** TRY IT **
Going down the data below, set down exactly the line with "Mexx Forever Classic" and each line after it through the line with "2005 Toyota Highlander Limited"; no other lines.

/---

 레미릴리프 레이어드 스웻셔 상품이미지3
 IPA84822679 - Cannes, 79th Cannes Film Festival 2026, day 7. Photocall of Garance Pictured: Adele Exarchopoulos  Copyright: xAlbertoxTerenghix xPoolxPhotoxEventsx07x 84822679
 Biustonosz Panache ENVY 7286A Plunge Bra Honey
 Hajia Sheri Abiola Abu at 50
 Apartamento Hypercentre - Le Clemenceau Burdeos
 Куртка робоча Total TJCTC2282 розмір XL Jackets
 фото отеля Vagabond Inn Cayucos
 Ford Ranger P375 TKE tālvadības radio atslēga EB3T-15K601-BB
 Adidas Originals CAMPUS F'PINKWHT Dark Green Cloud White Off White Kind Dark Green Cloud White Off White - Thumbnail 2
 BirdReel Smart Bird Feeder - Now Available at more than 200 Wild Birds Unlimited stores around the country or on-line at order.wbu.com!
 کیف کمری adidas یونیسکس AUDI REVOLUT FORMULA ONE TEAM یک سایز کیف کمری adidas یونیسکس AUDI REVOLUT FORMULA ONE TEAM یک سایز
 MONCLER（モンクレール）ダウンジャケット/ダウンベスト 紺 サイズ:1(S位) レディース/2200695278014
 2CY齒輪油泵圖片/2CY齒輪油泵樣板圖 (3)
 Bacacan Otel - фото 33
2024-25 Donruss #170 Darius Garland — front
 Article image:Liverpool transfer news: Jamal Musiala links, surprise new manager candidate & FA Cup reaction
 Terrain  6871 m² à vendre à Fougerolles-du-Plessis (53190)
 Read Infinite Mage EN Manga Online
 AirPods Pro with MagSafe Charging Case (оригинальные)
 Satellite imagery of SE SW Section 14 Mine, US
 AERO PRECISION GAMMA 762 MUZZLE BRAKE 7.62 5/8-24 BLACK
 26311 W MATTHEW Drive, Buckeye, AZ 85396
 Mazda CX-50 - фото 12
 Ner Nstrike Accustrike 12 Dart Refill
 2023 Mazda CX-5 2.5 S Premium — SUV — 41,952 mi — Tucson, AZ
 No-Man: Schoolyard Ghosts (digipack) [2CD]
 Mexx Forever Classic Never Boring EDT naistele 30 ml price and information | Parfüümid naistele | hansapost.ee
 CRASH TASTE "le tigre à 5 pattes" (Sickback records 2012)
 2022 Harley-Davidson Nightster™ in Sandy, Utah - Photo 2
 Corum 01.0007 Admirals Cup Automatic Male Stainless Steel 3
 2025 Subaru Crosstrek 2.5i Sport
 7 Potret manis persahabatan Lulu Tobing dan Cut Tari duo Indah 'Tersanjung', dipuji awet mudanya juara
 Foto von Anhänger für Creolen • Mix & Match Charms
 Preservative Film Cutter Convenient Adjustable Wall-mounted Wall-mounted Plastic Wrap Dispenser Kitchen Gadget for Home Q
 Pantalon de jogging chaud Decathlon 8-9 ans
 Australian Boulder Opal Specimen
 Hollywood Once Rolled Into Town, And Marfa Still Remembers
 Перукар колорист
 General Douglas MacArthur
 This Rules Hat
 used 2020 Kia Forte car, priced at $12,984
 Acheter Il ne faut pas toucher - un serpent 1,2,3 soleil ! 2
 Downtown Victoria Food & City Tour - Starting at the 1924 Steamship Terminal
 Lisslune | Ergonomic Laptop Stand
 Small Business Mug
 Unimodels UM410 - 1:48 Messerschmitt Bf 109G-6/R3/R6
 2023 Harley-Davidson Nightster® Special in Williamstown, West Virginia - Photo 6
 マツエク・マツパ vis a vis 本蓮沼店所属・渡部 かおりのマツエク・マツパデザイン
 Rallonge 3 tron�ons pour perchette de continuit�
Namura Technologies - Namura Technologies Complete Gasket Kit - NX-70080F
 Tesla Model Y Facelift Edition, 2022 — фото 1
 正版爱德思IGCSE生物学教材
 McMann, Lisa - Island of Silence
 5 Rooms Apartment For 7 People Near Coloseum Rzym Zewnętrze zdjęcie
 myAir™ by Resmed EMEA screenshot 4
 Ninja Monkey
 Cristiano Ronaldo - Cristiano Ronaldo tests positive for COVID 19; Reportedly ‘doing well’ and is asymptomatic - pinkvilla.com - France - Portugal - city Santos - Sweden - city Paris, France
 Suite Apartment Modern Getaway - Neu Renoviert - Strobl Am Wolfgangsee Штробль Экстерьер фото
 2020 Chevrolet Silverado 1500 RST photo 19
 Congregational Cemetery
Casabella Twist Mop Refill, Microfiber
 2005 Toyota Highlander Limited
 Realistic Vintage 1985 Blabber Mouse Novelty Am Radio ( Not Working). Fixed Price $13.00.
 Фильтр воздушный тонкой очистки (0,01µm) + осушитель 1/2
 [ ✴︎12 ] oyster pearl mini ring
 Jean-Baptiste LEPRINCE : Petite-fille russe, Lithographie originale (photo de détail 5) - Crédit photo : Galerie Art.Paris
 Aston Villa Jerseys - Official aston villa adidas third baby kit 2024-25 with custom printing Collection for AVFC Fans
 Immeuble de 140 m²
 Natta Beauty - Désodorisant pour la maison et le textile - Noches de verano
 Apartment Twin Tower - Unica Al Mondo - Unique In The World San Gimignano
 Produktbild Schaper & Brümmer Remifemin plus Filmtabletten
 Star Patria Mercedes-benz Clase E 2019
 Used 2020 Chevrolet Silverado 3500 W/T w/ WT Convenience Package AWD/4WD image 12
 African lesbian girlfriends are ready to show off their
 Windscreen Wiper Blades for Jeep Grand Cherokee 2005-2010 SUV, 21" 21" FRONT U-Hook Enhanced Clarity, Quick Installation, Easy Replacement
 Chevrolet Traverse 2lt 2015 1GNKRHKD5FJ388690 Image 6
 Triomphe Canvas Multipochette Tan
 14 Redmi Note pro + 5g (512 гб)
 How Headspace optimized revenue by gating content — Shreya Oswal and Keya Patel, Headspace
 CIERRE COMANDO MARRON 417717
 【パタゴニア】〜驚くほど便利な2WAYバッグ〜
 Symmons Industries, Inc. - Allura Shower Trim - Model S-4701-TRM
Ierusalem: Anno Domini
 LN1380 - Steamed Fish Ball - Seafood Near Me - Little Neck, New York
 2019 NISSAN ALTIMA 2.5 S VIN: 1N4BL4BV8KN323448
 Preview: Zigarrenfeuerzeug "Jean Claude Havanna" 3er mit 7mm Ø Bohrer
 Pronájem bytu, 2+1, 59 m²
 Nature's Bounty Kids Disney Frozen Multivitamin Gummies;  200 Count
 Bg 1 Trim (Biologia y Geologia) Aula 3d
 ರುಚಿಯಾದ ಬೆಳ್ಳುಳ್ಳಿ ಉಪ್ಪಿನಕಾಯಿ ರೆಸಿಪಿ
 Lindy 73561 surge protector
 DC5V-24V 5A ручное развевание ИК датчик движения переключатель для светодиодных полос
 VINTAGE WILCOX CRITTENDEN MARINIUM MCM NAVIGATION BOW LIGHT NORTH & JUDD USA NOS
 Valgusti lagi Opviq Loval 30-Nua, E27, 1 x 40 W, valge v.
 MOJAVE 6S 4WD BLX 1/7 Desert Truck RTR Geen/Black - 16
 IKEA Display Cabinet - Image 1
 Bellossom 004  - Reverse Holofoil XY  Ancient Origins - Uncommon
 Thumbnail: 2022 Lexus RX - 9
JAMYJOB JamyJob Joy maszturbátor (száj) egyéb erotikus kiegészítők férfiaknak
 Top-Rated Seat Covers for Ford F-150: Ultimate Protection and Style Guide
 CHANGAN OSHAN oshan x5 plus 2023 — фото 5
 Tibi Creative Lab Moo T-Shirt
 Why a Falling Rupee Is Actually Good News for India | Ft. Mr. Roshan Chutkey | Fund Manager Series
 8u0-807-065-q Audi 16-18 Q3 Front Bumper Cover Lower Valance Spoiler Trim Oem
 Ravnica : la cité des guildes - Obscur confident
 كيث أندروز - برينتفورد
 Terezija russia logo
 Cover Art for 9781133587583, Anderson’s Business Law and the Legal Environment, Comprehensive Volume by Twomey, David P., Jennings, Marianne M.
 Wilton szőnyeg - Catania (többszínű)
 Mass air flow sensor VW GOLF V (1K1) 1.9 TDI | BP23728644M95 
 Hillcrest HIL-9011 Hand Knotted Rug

\---

** ANSWER FOR THE TASK **
 Mexx Forever Classic Never Boring EDT naistele 30 ml price and information | Parfüümid naistele | hansapost.ee
 CRASH TASTE "le tigre à 5 pattes" (Sickback records 2012)
 2022 Harley-Davidson Nightster™ in Sandy, Utah - Photo 2
 Corum 01.0007 Admirals Cup Automatic Male Stainless Steel 3
 2025 Subaru Crosstrek 2.5i Sport
 7 Potret manis persahabatan Lulu Tobing dan Cut Tari duo Indah 'Tersanjung', dipuji awet mudanya juara
 Foto von Anhänger für Creolen • Mix & Match Charms
 Preservative Film Cutter Convenient Adjustable Wall-mounted Wall-mounted Plastic Wrap Dispenser Kitchen Gadget for Home Q
 Pantalon de jogging chaud Decathlon 8-9 ans
 Australian Boulder Opal Specimen
 Hollywood Once Rolled Into Town, And Marfa Still Remembers
 Перукар колорист
 General Douglas MacArthur
 This Rules Hat
 used 2020 Kia Forte car, priced at $12,984
 Acheter Il ne faut pas toucher - un serpent 1,2,3 soleil ! 2
 Downtown Victoria Food & City Tour - Starting at the 1924 Steamship Terminal
 Lisslune | Ergonomic Laptop Stand
 Small Business Mug
 Unimodels UM410 - 1:48 Messerschmitt Bf 109G-6/R3/R6
 2023 Harley-Davidson Nightster® Special in Williamstown, West Virginia - Photo 6
 マツエク・マツパ vis a vis 本蓮沼店所属・渡部 かおりのマツエク・マツパデザイン
 Rallonge 3 tron�ons pour perchette de continuit�
Namura Technologies - Namura Technologies Complete Gasket Kit - NX-70080F
 Tesla Model Y Facelift Edition, 2022 — фото 1
 正版爱德思IGCSE生物学教材
 McMann, Lisa - Island of Silence
 5 Rooms Apartment For 7 People Near Coloseum Rzym Zewnętrze zdjęcie
 myAir™ by Resmed EMEA screenshot 4
 Ninja Monkey
 Cristiano Ronaldo - Cristiano Ronaldo tests positive for COVID 19; Reportedly ‘doing well’ and is asymptomatic - pinkvilla.com - France - Portugal - city Santos - Sweden - city Paris, France
 Suite Apartment Modern Getaway - Neu Renoviert - Strobl Am Wolfgangsee Штробль Экстерьер фото
 2020 Chevrolet Silverado 1500 RST photo 19
 Congregational Cemetery
Casabella Twist Mop Refill, Microfiber
 2005 Toyota Highlander Limited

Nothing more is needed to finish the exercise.